In the agreement, Sanofi and Seagen will co-fund all ADC development activities for up to three cancer targets. Any profits will be split equally. Sanofi will pay Seagen an undisclosed amount for each of the three cancer targets as they are announced. The companies announced in the press release that the first target has already been chosen.
Antibody-drug conjugates are valuable because they can target specific tumor proteins without damaging the rest of the body the way that traditional chemotherapy does. The global ADC market is expected to top $20.01 billion by 2028.
However, ADCs have proven to be a difficult target to hit. Even though the first ADC hit the market in 2000, there are currently only 12 ADCs that have been approved by the U.S. Food and Drug Administration, three of which are from Seagen (formerly known as Seattle Genetics).
Seagen is a seasoned leader in ADCs. The company made the second-ever approved ADC in 2011, a drug called Adcentris, and has been working on ADCs ever since.
Last month, Seagen scored a positive opinion from the Committee for Medicinal Products for Human Use (CHMP) of the European Medicines Agency (EMA) for its latest ADC, PADCEV, a treatment developed with Astellas Pharma for locally advanced or metastatic urothelial cancer. Seagen had previously received FDA approval and expanded indications for PADCEV in the US.
Sanofi also has a long history working with ADCs but has had less commercial success. The company began working on ADCs more than a decade ago in collaborations with Immunogen.
In 2015, Sanofi terminated a collaboration with Immunogen on SAR3419, an ADC for non-Hodgkin’s Lymphoma. The move tanked Sanofi’s stocks, chopping share values from $10.73 to $5.77 at the time.

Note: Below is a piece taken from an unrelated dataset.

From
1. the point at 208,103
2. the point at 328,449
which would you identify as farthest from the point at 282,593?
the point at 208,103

Development on another drug, SAR566658, an ADC for triple-negative breast cancer, was stopped in 2018.
The latest development between Sanofi and Immunogen is SAR408701, an ADC for lung cancer and other CEACAM-expressing solid tumors that they have been working on since at least 2017. SAR408701 has been undergoing Phase III clinical trials, and data was presented at the 2020 American Society of Clinical Oncology (ASCO) Virtual Scientific Program.

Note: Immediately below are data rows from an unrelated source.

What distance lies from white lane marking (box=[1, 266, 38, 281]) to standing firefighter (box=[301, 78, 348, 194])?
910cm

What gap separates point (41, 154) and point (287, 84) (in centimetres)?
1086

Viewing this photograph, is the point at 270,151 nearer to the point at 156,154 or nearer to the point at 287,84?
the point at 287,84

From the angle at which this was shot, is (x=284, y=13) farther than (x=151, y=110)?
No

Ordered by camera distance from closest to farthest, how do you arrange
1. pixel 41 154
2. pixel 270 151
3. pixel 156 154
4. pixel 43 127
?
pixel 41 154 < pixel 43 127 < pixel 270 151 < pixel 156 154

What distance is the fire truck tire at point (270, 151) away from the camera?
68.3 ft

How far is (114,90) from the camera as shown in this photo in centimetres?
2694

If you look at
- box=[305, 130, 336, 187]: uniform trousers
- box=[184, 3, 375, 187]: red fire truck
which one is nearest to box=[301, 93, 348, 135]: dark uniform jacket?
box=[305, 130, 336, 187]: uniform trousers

Sanofi and Seagen are optimistic they can skyrocket development for more ADCs.
“We are excited to be working with Sanofi, a global biopharmaceutical leader, to identify new ways to potentially address unmet medical needs of cancer patients,” said Clay Siegall, Ph.D., president and CEO of Seagen. “Jointly developing novel ADCs by combining antibodies from Sanofi with Seagen’s proprietary ADC technology, aligns with our strategic priorities to expand the global potential of our pipeline with new first- or best-in-class programs.”